Task item – Without the images, reproduce each line of the material exactly.

*** Data section ***

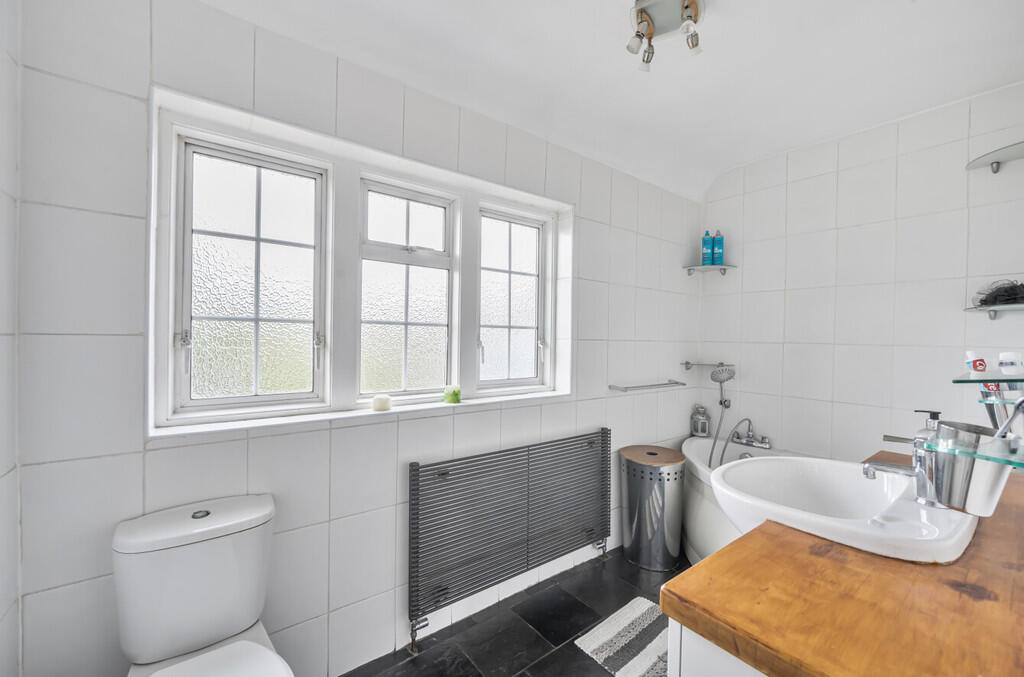 1329490-17-688ba3...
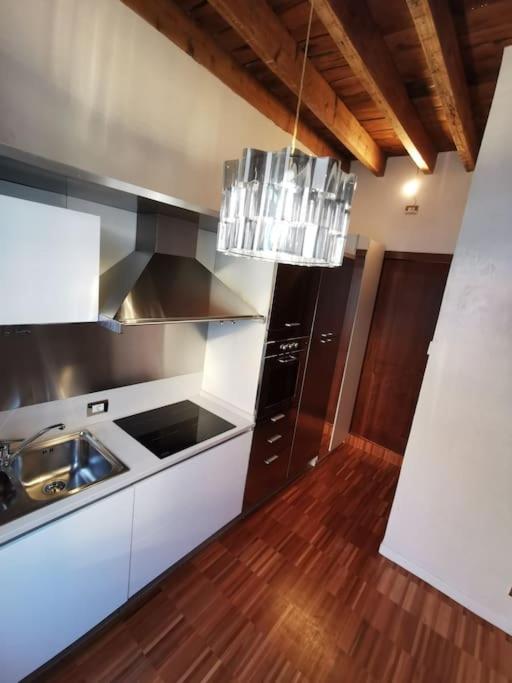 Metro stop, Prada & Design - Appartamento con 1 Camera da Letto - 18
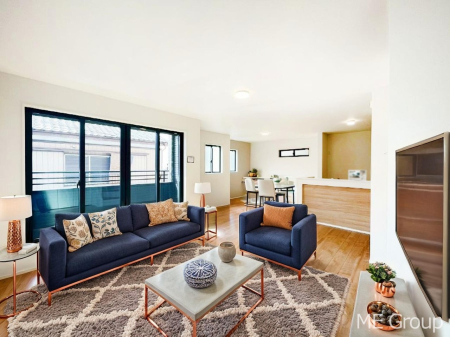 rO g[trO͉Ƒ݂Ȃ̉KԁI@ƋCGł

*** End of Data section ***

Output of the task –
 1329490-17-688ba3...
 Metro stop, Prada & Design - Appartamento con 1 Camera da Letto - 18
 rO g[trO͉Ƒ݂Ȃ̉KԁI@ƋCGł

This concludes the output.